Here's the same 9 pieces, stuck in the corner of the frame. Fits like a charm.
Additional rows of disks are stacking correctly. Very pleased, and very excited.
6 days later - Here's half of the bruise. The other half, on the back side of my arm, isn't quite as bad.
Getting ready to mount the GoPro camera. When they were building my townhome, I had them wire the living room for surround sound. Didn't put speakers in yet, but there are five holes in the ceiling for them. I threaded a string through each hole.
Making a little basket to hold the camera. Starts with a piece of cardboard with some foam padding on it, and a hole for the lens.
Then several more layers of cardboard, with holes big enough for the whole camera. (which is not very big)

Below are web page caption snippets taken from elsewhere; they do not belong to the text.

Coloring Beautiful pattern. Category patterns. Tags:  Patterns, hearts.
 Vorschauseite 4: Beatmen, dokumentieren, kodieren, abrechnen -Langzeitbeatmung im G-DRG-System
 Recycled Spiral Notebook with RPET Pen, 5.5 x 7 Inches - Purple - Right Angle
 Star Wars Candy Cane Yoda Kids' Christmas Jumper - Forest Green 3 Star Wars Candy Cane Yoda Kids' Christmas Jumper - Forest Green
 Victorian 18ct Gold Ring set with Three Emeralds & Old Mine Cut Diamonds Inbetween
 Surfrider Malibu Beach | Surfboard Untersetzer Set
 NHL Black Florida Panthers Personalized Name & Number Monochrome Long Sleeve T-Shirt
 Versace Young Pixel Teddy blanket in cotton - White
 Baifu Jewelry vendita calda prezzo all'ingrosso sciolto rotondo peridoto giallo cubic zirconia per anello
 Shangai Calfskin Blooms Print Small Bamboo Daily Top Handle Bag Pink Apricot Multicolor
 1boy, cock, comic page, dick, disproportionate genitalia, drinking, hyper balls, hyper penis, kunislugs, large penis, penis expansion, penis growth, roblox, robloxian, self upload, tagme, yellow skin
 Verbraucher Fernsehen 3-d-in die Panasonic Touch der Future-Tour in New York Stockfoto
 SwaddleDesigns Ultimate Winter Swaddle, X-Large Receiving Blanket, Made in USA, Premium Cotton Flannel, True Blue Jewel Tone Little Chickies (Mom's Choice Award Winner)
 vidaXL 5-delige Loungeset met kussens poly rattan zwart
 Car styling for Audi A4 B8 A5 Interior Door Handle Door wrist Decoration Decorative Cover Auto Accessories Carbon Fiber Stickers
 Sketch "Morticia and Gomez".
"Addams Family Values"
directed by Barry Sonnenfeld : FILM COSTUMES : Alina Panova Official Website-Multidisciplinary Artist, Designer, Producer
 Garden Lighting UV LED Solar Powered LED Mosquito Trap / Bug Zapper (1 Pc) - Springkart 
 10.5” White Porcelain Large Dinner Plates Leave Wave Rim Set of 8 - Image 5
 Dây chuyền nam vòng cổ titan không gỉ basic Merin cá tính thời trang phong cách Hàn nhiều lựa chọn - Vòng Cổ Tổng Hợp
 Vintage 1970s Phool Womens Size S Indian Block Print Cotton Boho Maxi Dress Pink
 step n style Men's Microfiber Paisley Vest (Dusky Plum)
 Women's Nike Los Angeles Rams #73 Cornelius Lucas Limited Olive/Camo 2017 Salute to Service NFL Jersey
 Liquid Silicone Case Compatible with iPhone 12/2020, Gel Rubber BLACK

Put the camera in the hole, and a rubber band to hold it in case the basket tips.
Then I tied the strings to the basket. Right now, it's nearly centered over the map. But I can pull/loosen the strings to get shots at different angles. I'm sure there are tripods and booms and stuff to do this. But this whole setup cost $5. Just have to take it down every two hours, offload the new pictures, and swap the battery.
The first overhead shot. Those are my feet at the bottom of the picture. I'm standing on the floor, snapping the picture remotely via an app on my smartphone. Also note the book on the desk in the upper-left. It's holding down two of the strings that are holding up the camera.
step 13 - Final assembly! Here's the first three rows of disks.
The remote control for the GoPro is in my left hand. A click on the remote takes the picture.
Done drilling the stack on the left. That's 392 disks. Took 9 hours, spread over 9 days. I have to do that much two more times, then I'm DONE DRILLING.
Done drilling disks for the map. Will make about 75 more for souvenirs.